Re: [v11 3/6] mm, oom: cgroup-aware OOM killer

From: David Rientjes
Date: Wed Oct 11 2017 - 16:21:56 EST


On Tue, 10 Oct 2017, Roman Gushchin wrote:

> > We don't need a better approximation, we need a fair comparison. The
> > heuristic that this patchset is implementing is based on the usage of
> > individual mem cgroups. For the root mem cgroup to be considered
> > eligible, we need to understand its usage. That usage is _not_ what is
> > implemented by this patchset, which is the largest rss of a single
> > attached process. This, in fact, is not an "approximation" at all. In
> > the example of 10000 processes attached with 80MB rss each, the usage of
> > the root mem cgroup is _not_ 80MB.
>
> It's hard to imagine a "healthy" setup with 10000 process in the root
> memory cgroup, and even if we kill 1 process we will still have 9999
> remaining process. I agree with you at some point, but it's not
> a real world example.
>

It's an example that illustrates the problem with the unfair comparison
between the root mem cgroup and leaf mem cgroups. It's unfair to compare
[largest rss of a single process attached to a cgroup] to
[anon + unevictable + unreclaimable slab usage of a cgroup]. It's not an
approximation, as previously stated: the usage of the root mem cgroup is
not 100MB if there are 10 such processes attached to the root mem cgroup,
it's off by orders of magnitude.

For the root mem cgroup to be treated equally as a leaf mem cgroup as this
patchset proposes, it must have a fair comparison. That can be done by
accounting memory to the root mem cgroup in the same way it is to leaf mem
cgroups.

But let's move the discussion forward to fix it. To avoid necessarily
accounting memory to the root mem cgroup, have we considered if it is even
necessary to address the root mem cgroup? For the users who opt-in to
this heuristic, would it be possible to discount the root mem cgroup from
the heuristic entirely so that oom kills originate from leaf mem cgroups?
Or, perhaps better, oom kill from non-memory.oom_group cgroups only if
the victim rss is greater than an eligible victim rss attached to the root
mem cgroup?

> > For these reasons: unfair comparison of root mem cgroup usage to bias
> > against that mem cgroup from oom kill in system oom conditions, the
> > ability of users to completely evade the oom killer by attaching all
> > processes to child cgroups either purposefully or unpurposefully, and the
> > inability of userspace to effectively control oom victim selection:
> >
> > Nacked-by: David Rientjes <rientjes@xxxxxxxxxx>
>
> So, if we'll sum the oom_score of tasks belonging to the root memory cgroup,
> will it fix the problem?
>
> It might have some drawbacks as well (especially around oom_score_adj),
> but it's doable, if we'll ignore tasks which are not owners of their's mm struct.
>

You would be required to discount oom_score_adj because the heuristic
doesn't account for oom_score_adj when comparing the anon + unevictable +
unreclaimable slab of leaf mem cgroups. This wouldn't result in the
correct victim selection in real-world scenarios where processes attached
to the root mem cgroup are vital to the system and not part of any user
job, i.e. they are important system daemons and the "activity manager"
responsible for orchestrating the cgroup hierarchy.

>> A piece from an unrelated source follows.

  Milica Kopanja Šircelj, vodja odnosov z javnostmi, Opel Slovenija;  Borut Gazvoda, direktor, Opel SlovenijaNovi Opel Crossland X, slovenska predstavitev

It's also still unfair because it now compares
[sum of rss of processes attached to a cgroup] to
[anon + unevictable + unreclaimable slab usage of a cgroup]. RSS isn't
going to be a solution, regardless if its one process or all processes, if
it's being compared to more types of memory in leaf cgroups.

If we really don't want root mem cgroup accounting so this is a fair
comparison, I think the heuristic needs to special case the root mem
cgroup either by discounting root oom kills if there are eligible oom
kills from leaf cgroups (the user would be opting-in to this behavior) or
comparing the badness of a victim from a leaf cgroup to the badness of a
victim from the root cgroup when deciding which to kill and allow the user
to protect root mem cgroup processes with oom_score_adj.

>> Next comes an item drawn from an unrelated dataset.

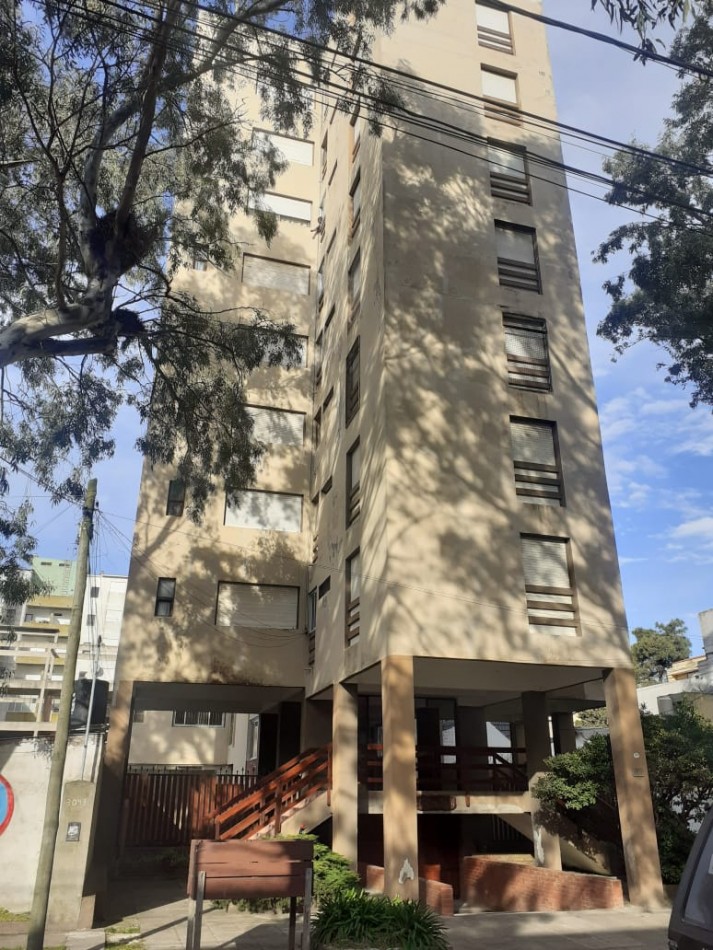 Venta Amplio Depto 3 Amb En Zona Residencial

That aside, all of this has only addressed one of the three concerns with
the patchset.

I believe the solution to avoid allowing users to circumvent oom kill is
to account usage up the hierarchy as you have done in the past. Cgroup
hierarchies can be managed by the user so they can create their own
subcontainers, this is nothing new, and I would hope that you wouldn't
limit your feature to only a very specific set of usecases. That may be
your solution for the root mem cgroup itself: if the hierarchical usage of
all top-level mem cgroups is known, it's possible to find the root mem
cgroup usage by subtraction, you are using stats that are global vmstats
in your heuristic.

Accounting usage up the hierarchy avoids the first two concerns with the
patchset. It allows you to implicitly understand the usage of the root
mem cgroup itself, and does not allow users to circumvent oom kill by
creating subcontainers, either purposefully or not. The third concern,
userspace influence, can allow users to attack leaf mem cgroups deeper in
the tree if it is using more memory than expected, but the hierarchical
usage is lower at the top-level. That is the only objection that I have
seen to using hierarchical usage: there may be a single cgroup deeper in
the tree that avoids oom kill because another hierarchy has a higher
usage. This can trivially be addressed either by oom priorities or an
adjustment, just like oom_score_adj, on cgroup usage.